Lake in Manchester, New Hampshire

Crystal Lake is a natural pond near Bodwell Road and Corning Road in south Manchester, New Hampshire, United States. Crystal Lake is a popular place for residents to enjoy swimming, boating and fishing.

==Geography==
The lake lies near the southeastern corner of Manchester at an elevation somewhat over 200 ft above sea level. The lake's outlet stream flows west to Cohas Brook, a tributary of the Merrimack River, which flows south and east to the Gulf of Maine and the Atlantic Ocean.

== History ==
Crystal Lake was historically known as Skenker's Pond and later as Mosquito Pond. In 1919, the city of Manchester built a public bathing area at the north end of the pond. The main entrance area consisted of a bathhouse and picnic grounds near the beach. The lake was the site of city-sponsored swim meets for children in the 1920s. Eventually, due to the lake's growing popularity, the facilities at Crystal Lake had to be expanded. In 1942 a new bathhouse was constructed and the beach was extended by the Works Progress Administration. In 1987, the fieldstone-constructed bathhouse underwent a renovation sponsored by the City Parks and Recreation Department and still stands at the site today.
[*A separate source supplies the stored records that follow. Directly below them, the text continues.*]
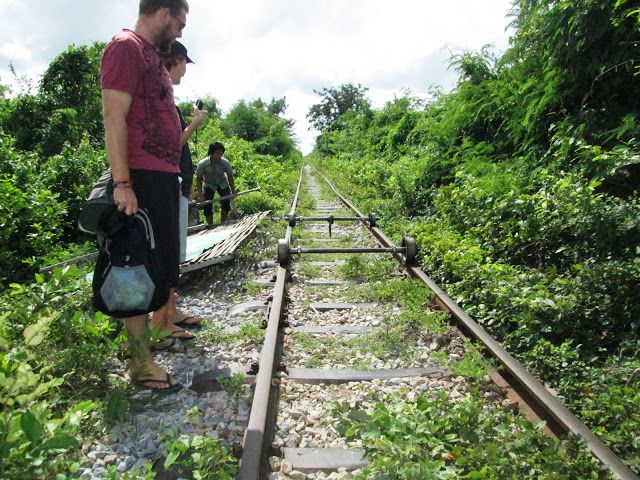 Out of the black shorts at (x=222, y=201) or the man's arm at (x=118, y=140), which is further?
the black shorts at (x=222, y=201)

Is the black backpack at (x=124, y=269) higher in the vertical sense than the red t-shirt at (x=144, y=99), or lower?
lower

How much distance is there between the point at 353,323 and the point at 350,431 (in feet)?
6.50

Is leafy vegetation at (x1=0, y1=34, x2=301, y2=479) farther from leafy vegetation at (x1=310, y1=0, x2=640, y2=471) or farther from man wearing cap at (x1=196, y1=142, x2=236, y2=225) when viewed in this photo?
leafy vegetation at (x1=310, y1=0, x2=640, y2=471)

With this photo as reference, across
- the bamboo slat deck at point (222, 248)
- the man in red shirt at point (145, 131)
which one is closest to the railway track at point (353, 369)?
the bamboo slat deck at point (222, 248)

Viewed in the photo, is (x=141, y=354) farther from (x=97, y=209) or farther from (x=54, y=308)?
(x=54, y=308)

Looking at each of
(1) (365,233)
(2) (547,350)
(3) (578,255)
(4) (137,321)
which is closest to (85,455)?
(4) (137,321)

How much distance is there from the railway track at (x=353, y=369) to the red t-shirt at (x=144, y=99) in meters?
1.37

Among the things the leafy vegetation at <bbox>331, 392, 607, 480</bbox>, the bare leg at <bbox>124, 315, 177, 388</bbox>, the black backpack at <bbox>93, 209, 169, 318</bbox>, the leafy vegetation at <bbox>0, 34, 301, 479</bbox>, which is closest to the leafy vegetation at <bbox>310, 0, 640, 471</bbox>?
the leafy vegetation at <bbox>331, 392, 607, 480</bbox>

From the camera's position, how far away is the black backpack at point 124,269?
262 centimetres

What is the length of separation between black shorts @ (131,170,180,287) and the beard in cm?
74

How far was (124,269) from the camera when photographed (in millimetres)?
2621

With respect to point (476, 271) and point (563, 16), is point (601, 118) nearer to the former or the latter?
point (563, 16)

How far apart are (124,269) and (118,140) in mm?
696

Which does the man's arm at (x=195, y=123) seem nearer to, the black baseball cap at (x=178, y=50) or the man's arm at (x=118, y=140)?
the black baseball cap at (x=178, y=50)
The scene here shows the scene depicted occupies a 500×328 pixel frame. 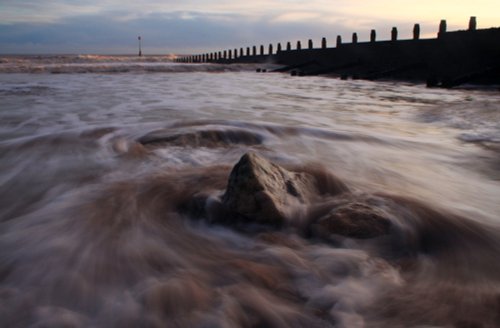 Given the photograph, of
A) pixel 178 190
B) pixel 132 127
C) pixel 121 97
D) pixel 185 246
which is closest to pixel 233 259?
pixel 185 246

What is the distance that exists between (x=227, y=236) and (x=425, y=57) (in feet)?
48.2

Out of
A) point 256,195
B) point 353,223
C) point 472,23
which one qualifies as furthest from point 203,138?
point 472,23

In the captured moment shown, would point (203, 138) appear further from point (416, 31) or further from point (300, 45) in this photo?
point (300, 45)

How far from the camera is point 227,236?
2301 mm

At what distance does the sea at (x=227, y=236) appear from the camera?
1726mm

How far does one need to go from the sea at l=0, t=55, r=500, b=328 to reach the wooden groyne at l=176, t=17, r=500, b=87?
778cm

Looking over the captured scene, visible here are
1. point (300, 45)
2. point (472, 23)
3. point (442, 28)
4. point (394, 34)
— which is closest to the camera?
point (472, 23)

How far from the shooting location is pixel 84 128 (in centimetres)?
553

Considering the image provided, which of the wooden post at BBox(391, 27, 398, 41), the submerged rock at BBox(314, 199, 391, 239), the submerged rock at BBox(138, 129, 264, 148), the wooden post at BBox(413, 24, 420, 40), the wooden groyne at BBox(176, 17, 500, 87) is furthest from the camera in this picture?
the wooden post at BBox(391, 27, 398, 41)

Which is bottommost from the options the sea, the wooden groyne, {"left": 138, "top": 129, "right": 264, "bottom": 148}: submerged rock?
the sea

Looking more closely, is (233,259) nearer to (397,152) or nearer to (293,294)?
(293,294)

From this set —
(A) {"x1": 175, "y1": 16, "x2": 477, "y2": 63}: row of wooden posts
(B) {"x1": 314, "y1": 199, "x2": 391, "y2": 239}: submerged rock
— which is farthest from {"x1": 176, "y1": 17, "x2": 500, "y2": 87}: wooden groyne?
(B) {"x1": 314, "y1": 199, "x2": 391, "y2": 239}: submerged rock

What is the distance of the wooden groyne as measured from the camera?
38.3 ft

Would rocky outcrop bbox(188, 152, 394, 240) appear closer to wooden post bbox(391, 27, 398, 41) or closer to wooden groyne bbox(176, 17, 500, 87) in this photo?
wooden groyne bbox(176, 17, 500, 87) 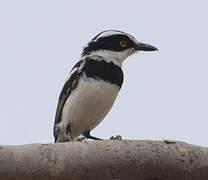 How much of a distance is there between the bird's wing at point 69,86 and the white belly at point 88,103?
0.34ft

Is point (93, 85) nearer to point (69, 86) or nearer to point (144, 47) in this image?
point (69, 86)

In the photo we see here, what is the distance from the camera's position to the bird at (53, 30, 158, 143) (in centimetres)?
675

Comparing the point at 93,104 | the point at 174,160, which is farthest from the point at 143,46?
the point at 174,160

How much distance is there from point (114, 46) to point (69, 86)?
3.24 ft

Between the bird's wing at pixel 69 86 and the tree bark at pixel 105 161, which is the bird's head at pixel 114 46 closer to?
the bird's wing at pixel 69 86

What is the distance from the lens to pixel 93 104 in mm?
6781

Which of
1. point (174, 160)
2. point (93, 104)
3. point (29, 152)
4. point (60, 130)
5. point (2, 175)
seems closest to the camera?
point (2, 175)

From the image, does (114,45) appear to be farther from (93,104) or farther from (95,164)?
(95,164)

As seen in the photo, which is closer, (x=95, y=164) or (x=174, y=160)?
(x=95, y=164)

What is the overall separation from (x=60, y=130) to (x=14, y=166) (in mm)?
3674

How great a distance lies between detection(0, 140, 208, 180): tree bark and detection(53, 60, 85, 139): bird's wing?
290 cm

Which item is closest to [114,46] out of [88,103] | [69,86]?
[69,86]

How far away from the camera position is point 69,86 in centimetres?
709

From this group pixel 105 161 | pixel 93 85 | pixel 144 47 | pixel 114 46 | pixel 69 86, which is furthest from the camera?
pixel 144 47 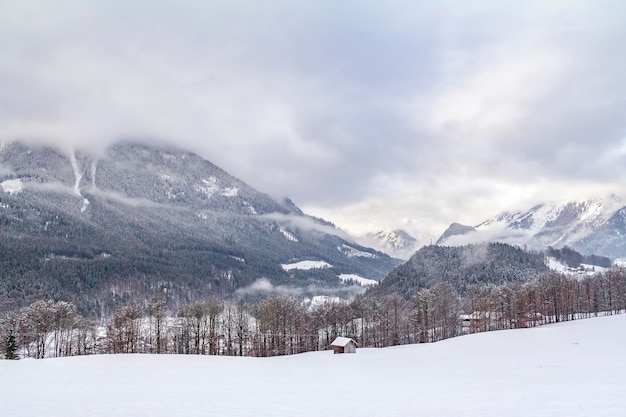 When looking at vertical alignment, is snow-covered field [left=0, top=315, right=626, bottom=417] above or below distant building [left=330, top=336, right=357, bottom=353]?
above

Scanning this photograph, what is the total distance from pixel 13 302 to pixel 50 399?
202908 mm

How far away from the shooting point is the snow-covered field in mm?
22422

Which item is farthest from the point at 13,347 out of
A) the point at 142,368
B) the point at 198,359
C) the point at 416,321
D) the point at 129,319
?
the point at 416,321

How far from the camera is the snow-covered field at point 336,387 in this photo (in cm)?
2242

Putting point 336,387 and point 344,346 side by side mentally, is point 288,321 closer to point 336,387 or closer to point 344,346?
point 344,346

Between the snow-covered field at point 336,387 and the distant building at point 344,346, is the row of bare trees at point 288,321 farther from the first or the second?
the snow-covered field at point 336,387

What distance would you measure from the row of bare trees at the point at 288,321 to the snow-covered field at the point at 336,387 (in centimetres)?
3517

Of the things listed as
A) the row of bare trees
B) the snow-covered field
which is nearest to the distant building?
the row of bare trees

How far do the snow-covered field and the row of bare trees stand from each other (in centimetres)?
3517

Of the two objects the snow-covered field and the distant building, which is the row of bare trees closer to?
the distant building

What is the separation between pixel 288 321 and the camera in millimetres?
105375

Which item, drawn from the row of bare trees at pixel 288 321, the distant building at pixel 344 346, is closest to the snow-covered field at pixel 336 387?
the distant building at pixel 344 346

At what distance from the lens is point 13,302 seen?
192m

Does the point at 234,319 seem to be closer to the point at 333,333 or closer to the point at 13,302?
the point at 333,333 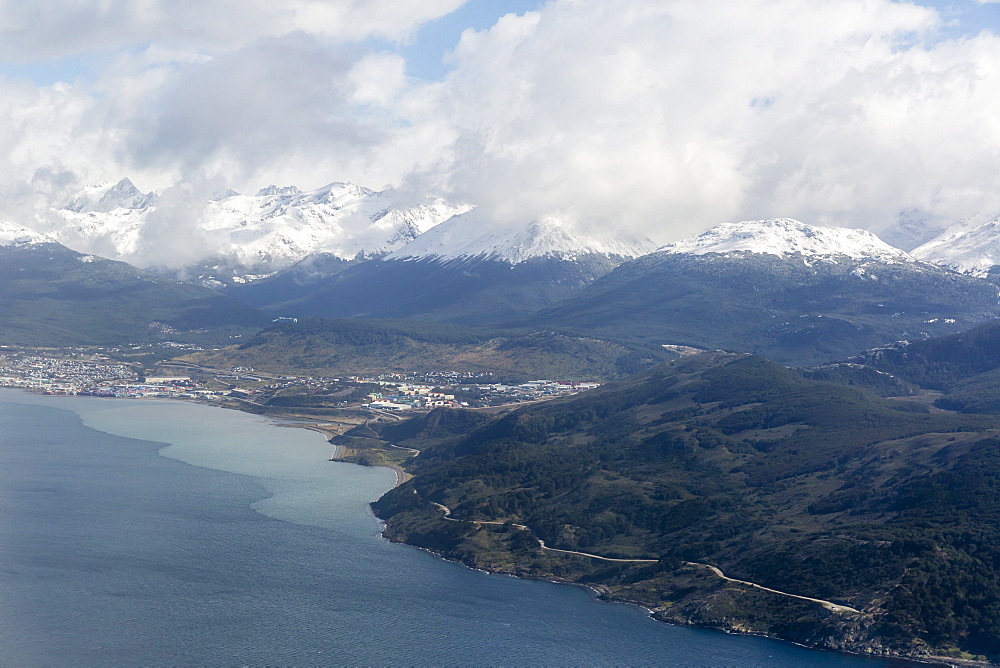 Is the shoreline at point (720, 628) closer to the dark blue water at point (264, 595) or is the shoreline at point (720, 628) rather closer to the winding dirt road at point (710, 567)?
the dark blue water at point (264, 595)

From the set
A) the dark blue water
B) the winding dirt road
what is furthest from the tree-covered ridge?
the dark blue water

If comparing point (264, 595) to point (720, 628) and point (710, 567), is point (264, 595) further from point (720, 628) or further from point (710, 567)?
point (710, 567)

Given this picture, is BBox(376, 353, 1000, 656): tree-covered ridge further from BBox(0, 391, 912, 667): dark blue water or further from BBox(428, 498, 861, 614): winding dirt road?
BBox(0, 391, 912, 667): dark blue water

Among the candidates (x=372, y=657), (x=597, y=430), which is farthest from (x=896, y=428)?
(x=372, y=657)

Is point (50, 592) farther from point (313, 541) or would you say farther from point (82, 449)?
Result: point (82, 449)

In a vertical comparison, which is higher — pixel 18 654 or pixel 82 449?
pixel 82 449

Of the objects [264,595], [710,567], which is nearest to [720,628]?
[710,567]

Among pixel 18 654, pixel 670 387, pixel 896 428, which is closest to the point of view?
pixel 18 654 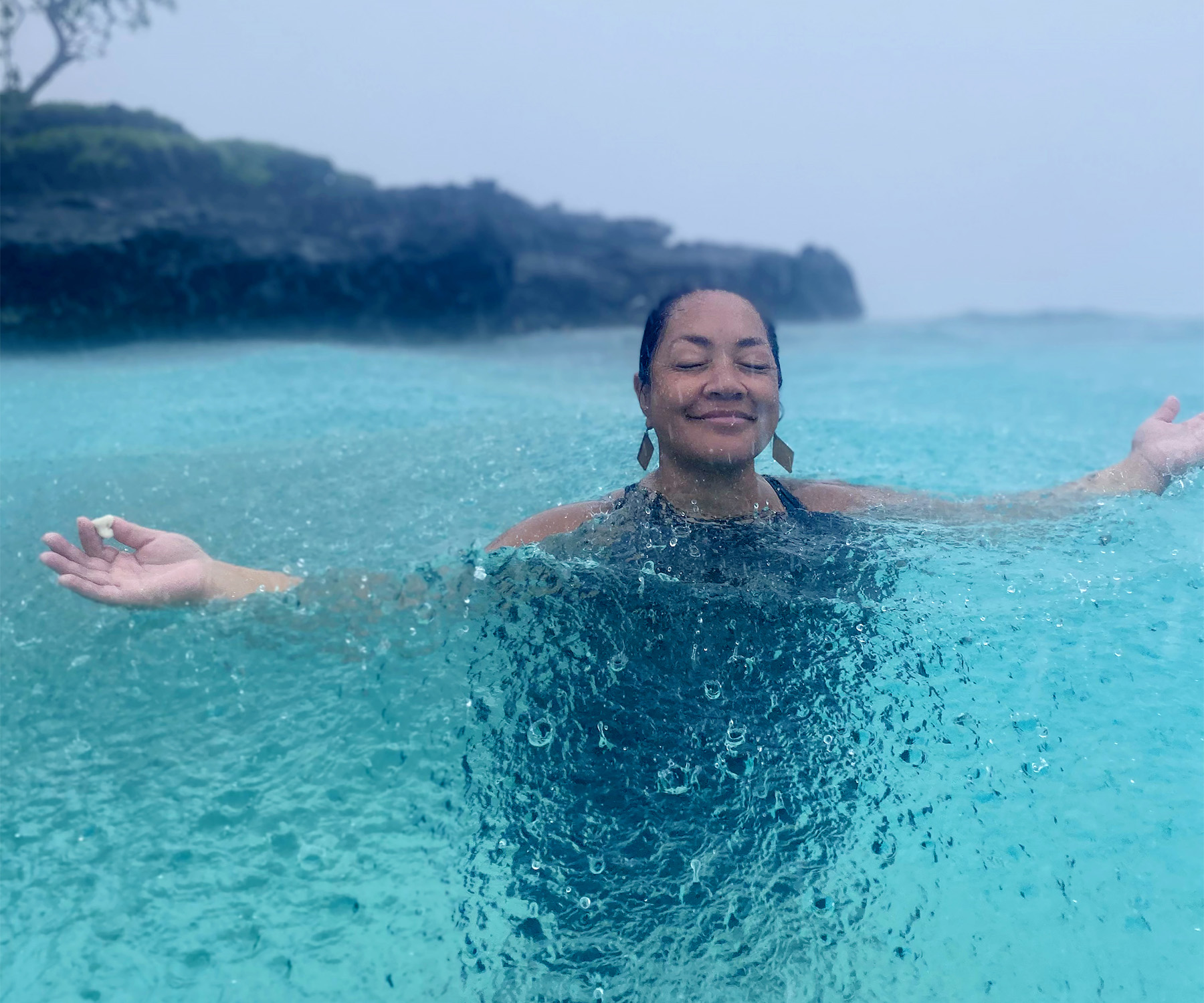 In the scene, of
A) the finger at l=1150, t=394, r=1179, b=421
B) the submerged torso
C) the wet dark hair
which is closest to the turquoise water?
the submerged torso

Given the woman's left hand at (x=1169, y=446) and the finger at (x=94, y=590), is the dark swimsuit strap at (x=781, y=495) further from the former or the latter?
the finger at (x=94, y=590)

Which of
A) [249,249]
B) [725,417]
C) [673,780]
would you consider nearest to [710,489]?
[725,417]

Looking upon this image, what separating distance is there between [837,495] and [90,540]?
77.6 inches

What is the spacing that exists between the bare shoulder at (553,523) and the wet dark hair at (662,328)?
0.36m

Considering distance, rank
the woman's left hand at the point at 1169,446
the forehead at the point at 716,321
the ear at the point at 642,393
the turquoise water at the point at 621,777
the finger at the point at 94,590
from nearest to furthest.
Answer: the turquoise water at the point at 621,777
the finger at the point at 94,590
the forehead at the point at 716,321
the ear at the point at 642,393
the woman's left hand at the point at 1169,446

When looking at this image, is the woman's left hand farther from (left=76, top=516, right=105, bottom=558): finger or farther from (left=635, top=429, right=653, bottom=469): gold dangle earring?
(left=76, top=516, right=105, bottom=558): finger

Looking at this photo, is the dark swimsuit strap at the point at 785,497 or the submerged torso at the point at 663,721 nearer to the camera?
the submerged torso at the point at 663,721

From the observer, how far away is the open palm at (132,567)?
216 centimetres

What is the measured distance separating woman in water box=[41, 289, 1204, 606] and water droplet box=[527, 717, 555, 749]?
487 mm

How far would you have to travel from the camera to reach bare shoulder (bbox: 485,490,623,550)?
2404 mm

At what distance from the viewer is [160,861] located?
90.2 inches

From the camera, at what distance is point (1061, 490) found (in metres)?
2.80

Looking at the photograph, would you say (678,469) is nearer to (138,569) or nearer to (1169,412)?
(138,569)

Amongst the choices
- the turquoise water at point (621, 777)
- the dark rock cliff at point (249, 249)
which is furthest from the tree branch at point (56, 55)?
the turquoise water at point (621, 777) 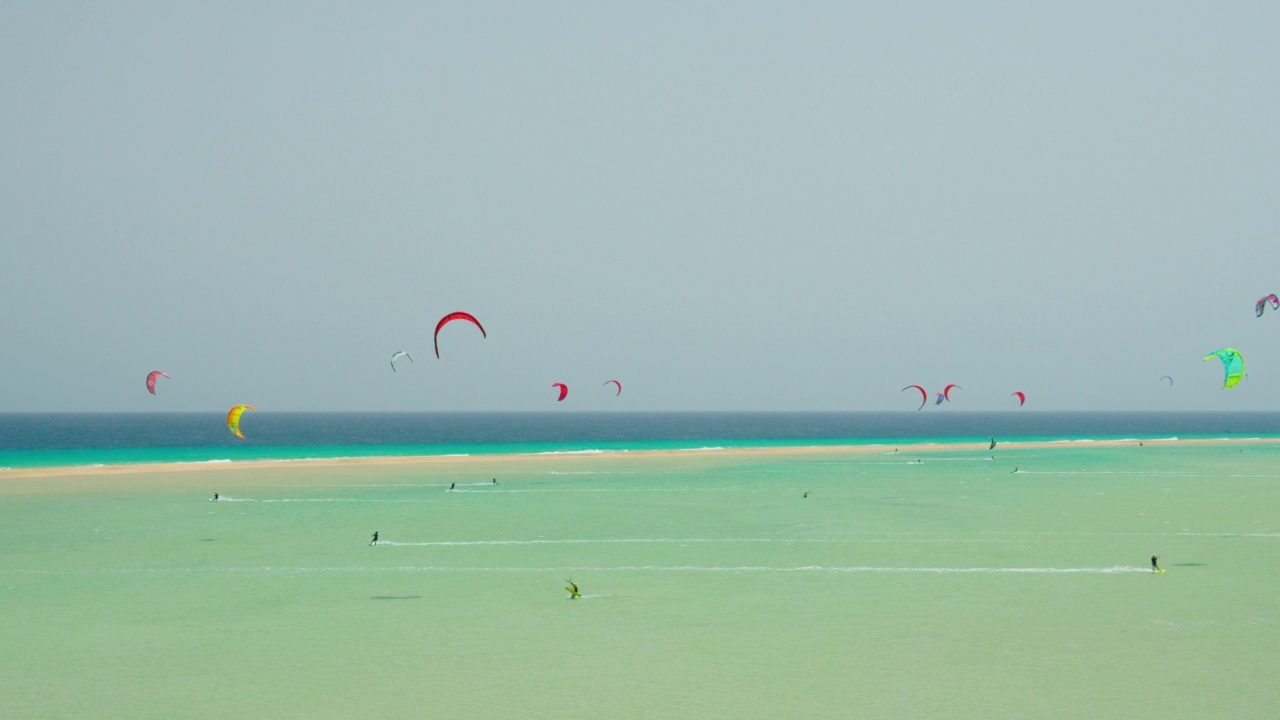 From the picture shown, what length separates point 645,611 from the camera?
11531 mm

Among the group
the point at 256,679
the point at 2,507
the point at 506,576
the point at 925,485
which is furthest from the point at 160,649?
the point at 925,485

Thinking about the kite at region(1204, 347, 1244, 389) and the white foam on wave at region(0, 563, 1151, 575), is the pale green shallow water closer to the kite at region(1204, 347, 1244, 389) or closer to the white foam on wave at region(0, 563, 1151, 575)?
the white foam on wave at region(0, 563, 1151, 575)

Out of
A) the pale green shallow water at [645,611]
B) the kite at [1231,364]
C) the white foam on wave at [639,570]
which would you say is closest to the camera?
the pale green shallow water at [645,611]

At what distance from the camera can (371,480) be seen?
36.0 metres

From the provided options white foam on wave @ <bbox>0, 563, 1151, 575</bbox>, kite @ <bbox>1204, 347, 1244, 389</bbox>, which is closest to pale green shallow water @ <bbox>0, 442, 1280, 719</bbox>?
white foam on wave @ <bbox>0, 563, 1151, 575</bbox>

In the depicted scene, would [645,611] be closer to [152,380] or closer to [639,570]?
[639,570]

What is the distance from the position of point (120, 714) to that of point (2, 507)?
2207 centimetres

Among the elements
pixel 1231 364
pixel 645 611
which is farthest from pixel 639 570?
pixel 1231 364

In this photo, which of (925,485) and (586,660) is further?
(925,485)

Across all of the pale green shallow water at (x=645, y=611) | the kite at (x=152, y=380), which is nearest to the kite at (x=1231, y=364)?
the pale green shallow water at (x=645, y=611)

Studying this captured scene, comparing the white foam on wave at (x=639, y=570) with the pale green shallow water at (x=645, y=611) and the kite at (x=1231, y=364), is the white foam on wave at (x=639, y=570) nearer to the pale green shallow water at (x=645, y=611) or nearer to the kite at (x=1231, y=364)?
the pale green shallow water at (x=645, y=611)

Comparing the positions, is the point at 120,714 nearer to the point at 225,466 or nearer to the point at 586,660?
the point at 586,660

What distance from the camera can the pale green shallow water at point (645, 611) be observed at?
8.16 metres

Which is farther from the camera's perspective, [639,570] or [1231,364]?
[1231,364] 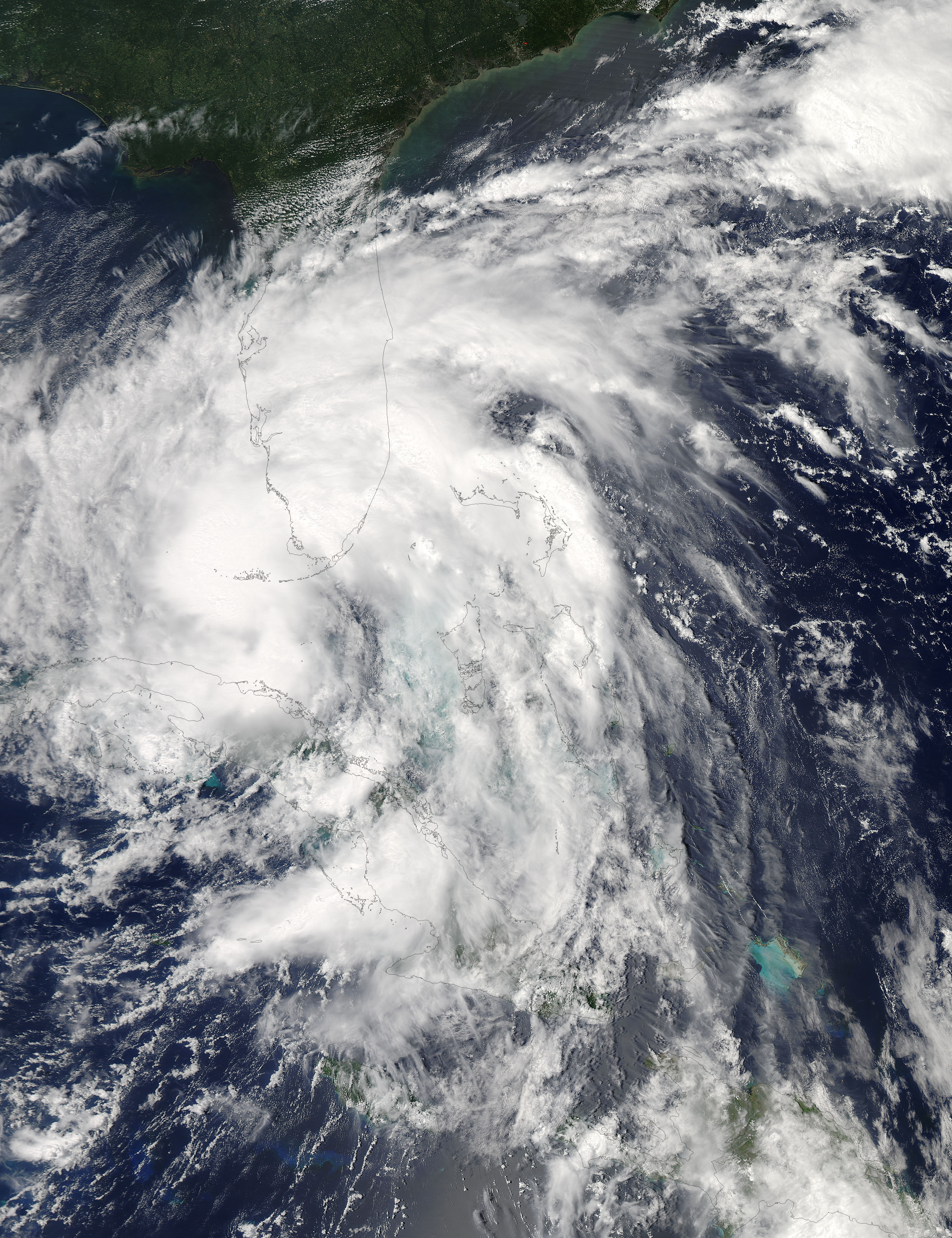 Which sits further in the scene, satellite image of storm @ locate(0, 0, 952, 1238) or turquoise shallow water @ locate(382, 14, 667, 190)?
turquoise shallow water @ locate(382, 14, 667, 190)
===Hermit of Mosquito Pond===
The story of the Hermit of Mosquito Pond is about a man who lived secluded on Crystal Lake for 60 years. Charles Alan Lambert came to Manchester in the 1840s. After a slew of heartbreaks he retreated to the woods to live a life of solitude. He purchased over 40 acre of land, on which he built a house out of logs he found on the property. He also grew his own food and herbs. He used the herbs to barter with local apothecaries. Over the years his hermit lifestyle made him into a kind of local celebrity, and he became the object of great curiosity. Despite his secluded lifestyle he would be visited by hundreds of people every summer. Mr. Lambert lived at his hermit homestead for over 60 years, spending the last two years of his life with the Sisters of Mercy at the House of St. John for aged men. He died in 1914, and his body now lies in St. Joseph Cemetery marked by a plain white tombstone, inscribed "The Hermit".

==Fishing==
The lake is classified as a warmwater fishery, with observed species including smallmouth bass, largemouth bass, chain pickerel, brown bullhead, and black crappie.